Activity
The entries below contain a stretch that opens with the line containing "Jacquard Black O-Neck" and closes with the line containing "在2025年某某市文化和旅游行业安全隐患大排查大整治工作会议上的讲话"; set down that stretch exactly, both ends included, and nothing else.

Source information
[Start of Attachment]

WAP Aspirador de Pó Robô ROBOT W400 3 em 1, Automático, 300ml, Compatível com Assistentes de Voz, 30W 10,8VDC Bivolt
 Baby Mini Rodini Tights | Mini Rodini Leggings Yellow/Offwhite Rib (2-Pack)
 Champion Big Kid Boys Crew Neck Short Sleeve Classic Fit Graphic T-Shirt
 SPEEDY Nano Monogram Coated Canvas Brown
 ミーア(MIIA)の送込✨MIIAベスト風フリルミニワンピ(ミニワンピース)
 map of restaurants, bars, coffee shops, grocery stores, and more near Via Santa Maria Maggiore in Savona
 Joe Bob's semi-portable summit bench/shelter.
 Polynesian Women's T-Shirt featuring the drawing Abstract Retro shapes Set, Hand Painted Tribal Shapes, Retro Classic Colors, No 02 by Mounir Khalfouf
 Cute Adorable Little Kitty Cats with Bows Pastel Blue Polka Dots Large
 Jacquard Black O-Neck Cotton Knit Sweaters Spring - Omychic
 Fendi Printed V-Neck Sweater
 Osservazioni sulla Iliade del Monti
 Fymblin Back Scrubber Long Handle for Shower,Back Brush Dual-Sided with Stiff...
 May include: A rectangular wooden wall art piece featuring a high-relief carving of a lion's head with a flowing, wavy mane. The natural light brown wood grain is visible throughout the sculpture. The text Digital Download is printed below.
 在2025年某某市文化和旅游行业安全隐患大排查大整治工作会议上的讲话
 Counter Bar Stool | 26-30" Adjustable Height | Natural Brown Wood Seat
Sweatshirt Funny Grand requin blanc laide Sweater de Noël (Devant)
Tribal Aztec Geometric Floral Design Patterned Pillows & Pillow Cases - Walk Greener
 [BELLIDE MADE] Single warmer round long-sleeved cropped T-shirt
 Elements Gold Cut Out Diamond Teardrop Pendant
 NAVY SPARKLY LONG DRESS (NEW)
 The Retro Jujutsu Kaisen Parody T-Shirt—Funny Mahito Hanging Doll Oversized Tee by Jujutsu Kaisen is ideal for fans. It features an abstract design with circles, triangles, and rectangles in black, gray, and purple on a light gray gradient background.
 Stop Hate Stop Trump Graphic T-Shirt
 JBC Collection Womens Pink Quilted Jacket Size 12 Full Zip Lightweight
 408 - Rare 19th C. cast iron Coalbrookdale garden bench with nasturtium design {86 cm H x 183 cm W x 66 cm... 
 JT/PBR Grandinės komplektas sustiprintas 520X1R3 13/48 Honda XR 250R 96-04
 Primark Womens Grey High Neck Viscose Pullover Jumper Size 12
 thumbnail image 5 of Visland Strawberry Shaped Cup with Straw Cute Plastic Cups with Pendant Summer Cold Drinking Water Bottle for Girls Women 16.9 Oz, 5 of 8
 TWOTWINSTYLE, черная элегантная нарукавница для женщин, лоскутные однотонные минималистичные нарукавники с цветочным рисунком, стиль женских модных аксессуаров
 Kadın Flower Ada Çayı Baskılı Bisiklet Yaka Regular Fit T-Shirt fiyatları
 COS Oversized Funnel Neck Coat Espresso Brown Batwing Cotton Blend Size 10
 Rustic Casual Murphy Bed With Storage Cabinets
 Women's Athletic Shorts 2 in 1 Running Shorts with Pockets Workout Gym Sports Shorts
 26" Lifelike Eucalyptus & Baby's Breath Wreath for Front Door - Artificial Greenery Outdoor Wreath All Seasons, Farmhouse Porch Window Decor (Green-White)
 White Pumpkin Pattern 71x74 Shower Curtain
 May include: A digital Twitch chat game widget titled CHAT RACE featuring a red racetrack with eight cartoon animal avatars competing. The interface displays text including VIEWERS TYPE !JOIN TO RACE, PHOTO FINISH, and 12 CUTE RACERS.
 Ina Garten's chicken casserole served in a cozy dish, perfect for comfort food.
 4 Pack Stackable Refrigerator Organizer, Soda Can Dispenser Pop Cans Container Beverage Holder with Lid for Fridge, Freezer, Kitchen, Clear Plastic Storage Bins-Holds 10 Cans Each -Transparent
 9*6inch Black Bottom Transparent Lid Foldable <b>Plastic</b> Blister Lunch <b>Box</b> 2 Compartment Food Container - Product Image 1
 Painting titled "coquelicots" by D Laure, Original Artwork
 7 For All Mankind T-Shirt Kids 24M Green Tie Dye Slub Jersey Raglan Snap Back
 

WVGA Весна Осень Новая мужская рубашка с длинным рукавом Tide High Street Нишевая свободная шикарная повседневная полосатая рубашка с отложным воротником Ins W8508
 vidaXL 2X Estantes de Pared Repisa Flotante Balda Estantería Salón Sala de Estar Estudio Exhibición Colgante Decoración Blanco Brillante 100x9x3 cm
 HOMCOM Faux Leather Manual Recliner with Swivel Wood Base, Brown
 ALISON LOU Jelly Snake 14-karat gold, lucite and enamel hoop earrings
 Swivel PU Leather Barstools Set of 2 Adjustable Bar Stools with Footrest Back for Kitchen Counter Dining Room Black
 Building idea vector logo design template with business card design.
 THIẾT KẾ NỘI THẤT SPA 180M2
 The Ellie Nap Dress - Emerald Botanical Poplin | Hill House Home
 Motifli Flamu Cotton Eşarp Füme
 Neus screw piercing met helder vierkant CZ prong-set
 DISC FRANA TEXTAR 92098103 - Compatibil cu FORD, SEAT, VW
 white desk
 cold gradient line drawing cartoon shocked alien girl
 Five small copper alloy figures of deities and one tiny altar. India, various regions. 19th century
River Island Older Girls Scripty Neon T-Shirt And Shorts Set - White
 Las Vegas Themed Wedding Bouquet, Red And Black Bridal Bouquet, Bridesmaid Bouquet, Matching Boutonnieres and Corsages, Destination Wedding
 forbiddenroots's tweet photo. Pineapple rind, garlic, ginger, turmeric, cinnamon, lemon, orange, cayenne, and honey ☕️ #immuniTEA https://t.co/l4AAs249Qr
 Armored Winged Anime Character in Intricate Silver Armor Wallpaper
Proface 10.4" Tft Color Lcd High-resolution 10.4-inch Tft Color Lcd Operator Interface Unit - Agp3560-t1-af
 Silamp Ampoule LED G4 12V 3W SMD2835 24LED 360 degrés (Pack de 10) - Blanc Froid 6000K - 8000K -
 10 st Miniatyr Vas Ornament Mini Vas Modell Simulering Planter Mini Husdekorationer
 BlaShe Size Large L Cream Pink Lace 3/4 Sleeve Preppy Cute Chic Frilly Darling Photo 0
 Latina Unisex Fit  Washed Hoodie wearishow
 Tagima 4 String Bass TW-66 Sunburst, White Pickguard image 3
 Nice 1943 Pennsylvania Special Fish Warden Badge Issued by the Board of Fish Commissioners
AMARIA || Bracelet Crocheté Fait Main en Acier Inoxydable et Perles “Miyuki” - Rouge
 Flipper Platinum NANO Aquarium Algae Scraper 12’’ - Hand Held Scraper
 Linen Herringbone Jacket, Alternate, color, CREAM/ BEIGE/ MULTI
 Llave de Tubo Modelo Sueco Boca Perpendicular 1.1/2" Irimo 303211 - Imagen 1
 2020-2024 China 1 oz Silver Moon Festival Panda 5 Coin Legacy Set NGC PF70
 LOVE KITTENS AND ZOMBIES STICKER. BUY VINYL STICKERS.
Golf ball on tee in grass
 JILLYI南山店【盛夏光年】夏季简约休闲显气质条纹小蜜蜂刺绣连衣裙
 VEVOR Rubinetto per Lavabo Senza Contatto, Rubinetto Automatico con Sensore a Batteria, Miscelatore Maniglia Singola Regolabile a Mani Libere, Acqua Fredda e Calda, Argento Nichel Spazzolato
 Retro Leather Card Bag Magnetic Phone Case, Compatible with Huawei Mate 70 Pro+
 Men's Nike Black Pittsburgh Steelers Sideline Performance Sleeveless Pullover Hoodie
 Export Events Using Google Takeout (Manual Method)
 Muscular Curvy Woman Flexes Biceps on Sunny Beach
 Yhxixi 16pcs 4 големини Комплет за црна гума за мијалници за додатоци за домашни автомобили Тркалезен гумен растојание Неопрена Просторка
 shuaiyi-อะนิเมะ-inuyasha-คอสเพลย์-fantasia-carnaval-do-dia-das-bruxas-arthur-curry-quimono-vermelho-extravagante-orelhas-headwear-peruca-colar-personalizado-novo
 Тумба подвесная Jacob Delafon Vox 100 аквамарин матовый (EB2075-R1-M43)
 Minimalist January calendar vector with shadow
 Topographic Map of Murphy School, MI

[End of Attachment]

Result below
 Jacquard Black O-Neck Cotton Knit Sweaters Spring - Omychic
 Fendi Printed V-Neck Sweater
 Osservazioni sulla Iliade del Monti
 Fymblin Back Scrubber Long Handle for Shower,Back Brush Dual-Sided with Stiff...
 May include: A rectangular wooden wall art piece featuring a high-relief carving of a lion's head with a flowing, wavy mane. The natural light brown wood grain is visible throughout the sculpture. The text Digital Download is printed below.
 在2025年某某市文化和旅游行业安全隐患大排查大整治工作会议上的讲话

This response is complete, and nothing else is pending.